[[ Material for the task, beginning ]]
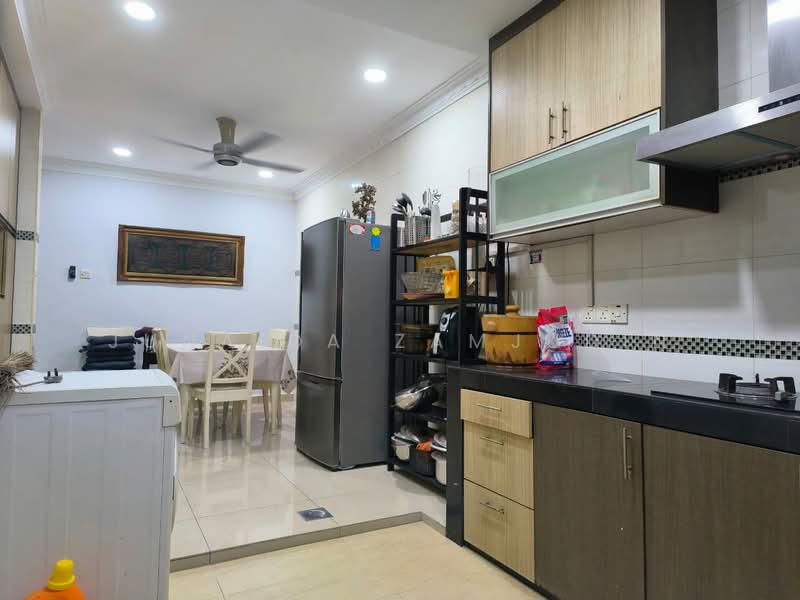 Rumah Teres 2 Tingkat untuk Disewa di Seksyen 8 (Shah Alam) - Junaida Zamjudin - Kitchen - PropertyGuru.com.my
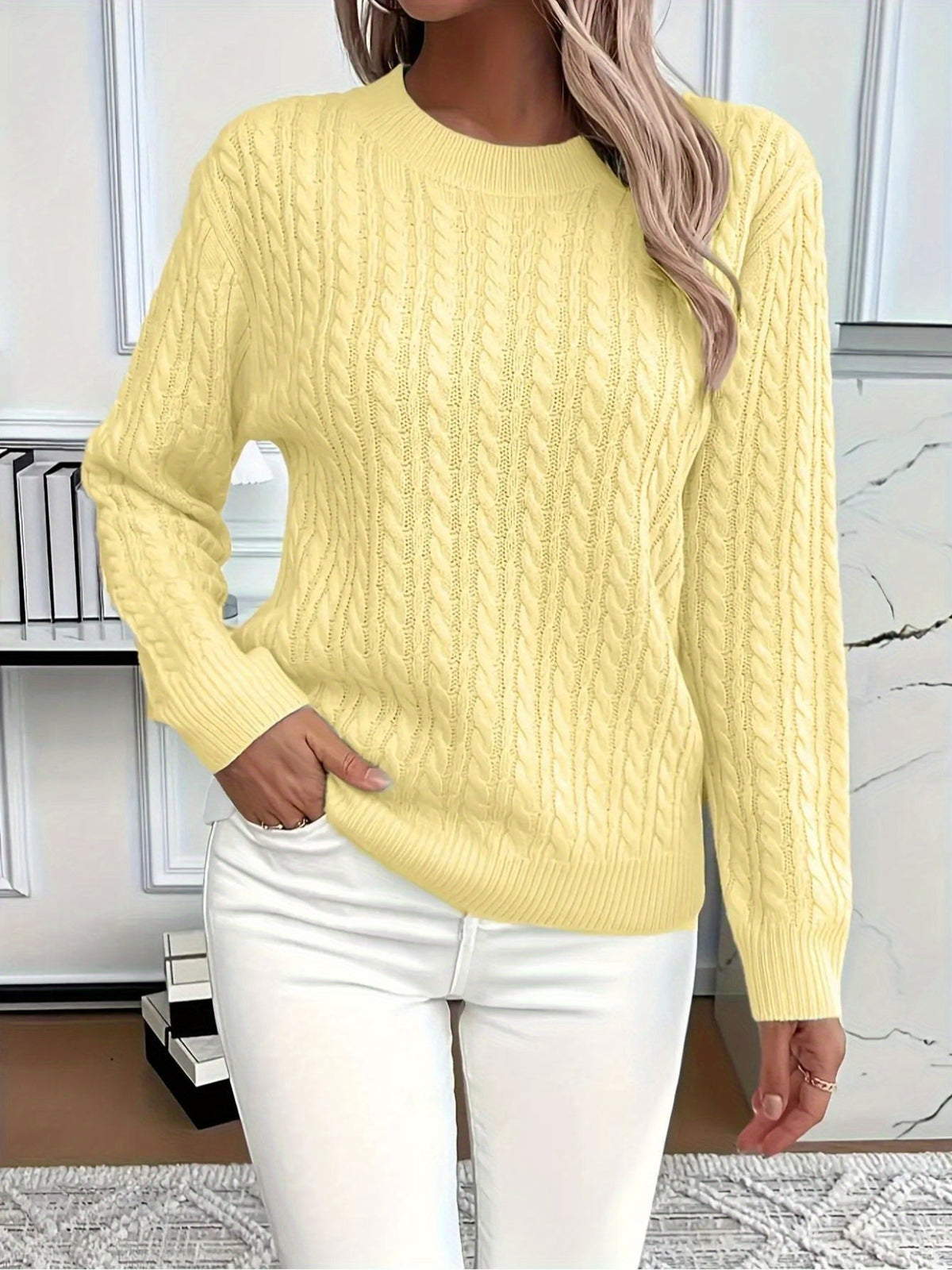 RELAXED CABLE SWEATER FOR WOMEN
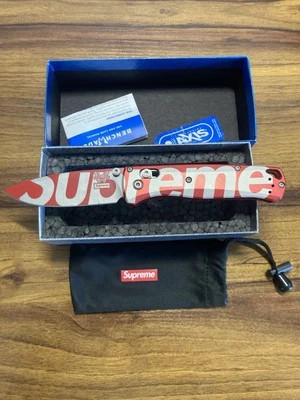 Benchmade Bugout - SUPREME 535RD-2202  - Image 1 of 3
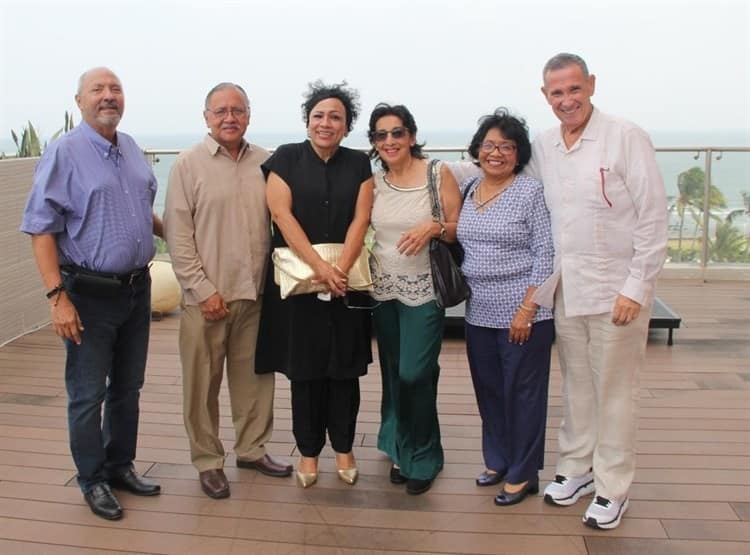 Médicos realizan convivio de celebración por el 43 aniversario de egresados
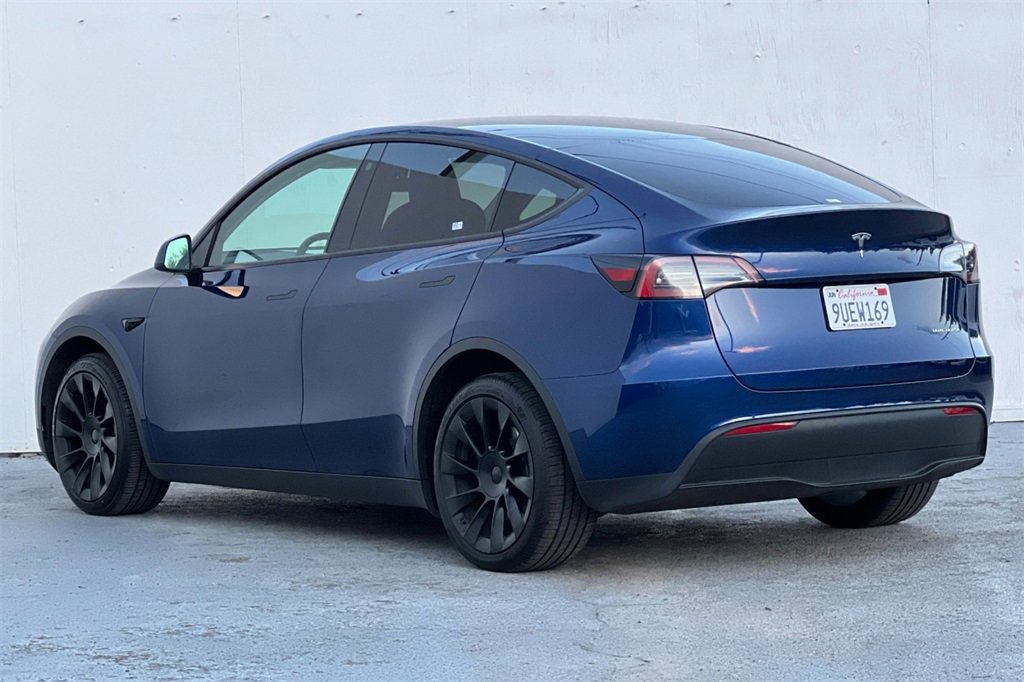 Used 2023 Tesla Model Y Long Range image 6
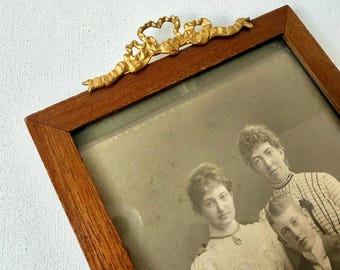 Antique Mahogany Wood Frame (19cm x 12cm)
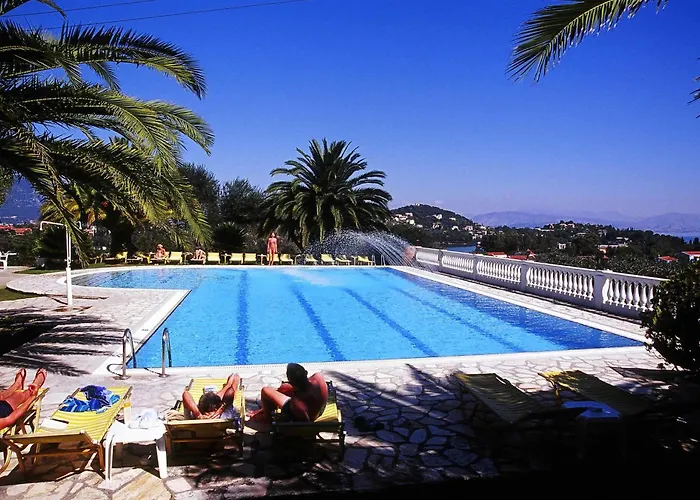 Paradise Corfu Otel 3*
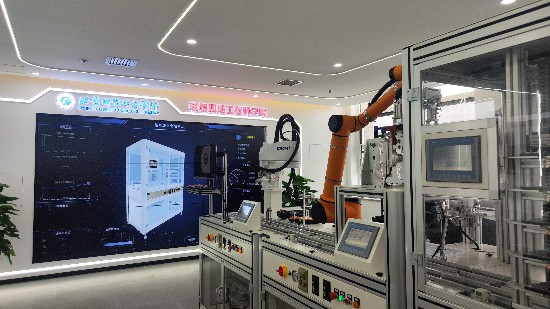 2025年5月8日，北京財貿職業學院“聯想現場工程師學院”產線落成儀式在校本部（通州）舉行。這一產線的落成，標志著又一企業生產場景融入教學，為學生提供了真崗實練平台。
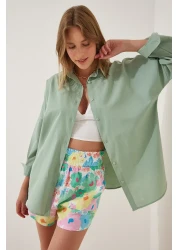 Happiness İstanbul قميص أساسي طويل كبير الحجم للنساء باللون الأخضر الفاتح DD00842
[[ Material for the task, end ]]
:: Goal of the exercise ::
Write out the records above exactly. Pictures do not belong in the copy.

:: Response to this task ::
 Rumah Teres 2 Tingkat untuk Disewa di Seksyen 8 (Shah Alam) - Junaida Zamjudin - Kitchen - PropertyGuru.com.my
 RELAXED CABLE SWEATER FOR WOMEN
 Benchmade Bugout - SUPREME 535RD-2202  - Image 1 of 3
 Médicos realizan convivio de celebración por el 43 aniversario de egresados
 Used 2023 Tesla Model Y Long Range image 6
 Antique Mahogany Wood Frame (19cm x 12cm)
 Paradise Corfu Otel 3*
 2025年5月8日，北京財貿職業學院“聯想現場工程師學院”產線落成儀式在校本部（通州）舉行。這一產線的落成，標志著又一企業生產場景融入教學，為學生提供了真崗實練平台。
 Happiness İstanbul قميص أساسي طويل كبير الحجم للنساء باللون الأخضر الفاتح DD00842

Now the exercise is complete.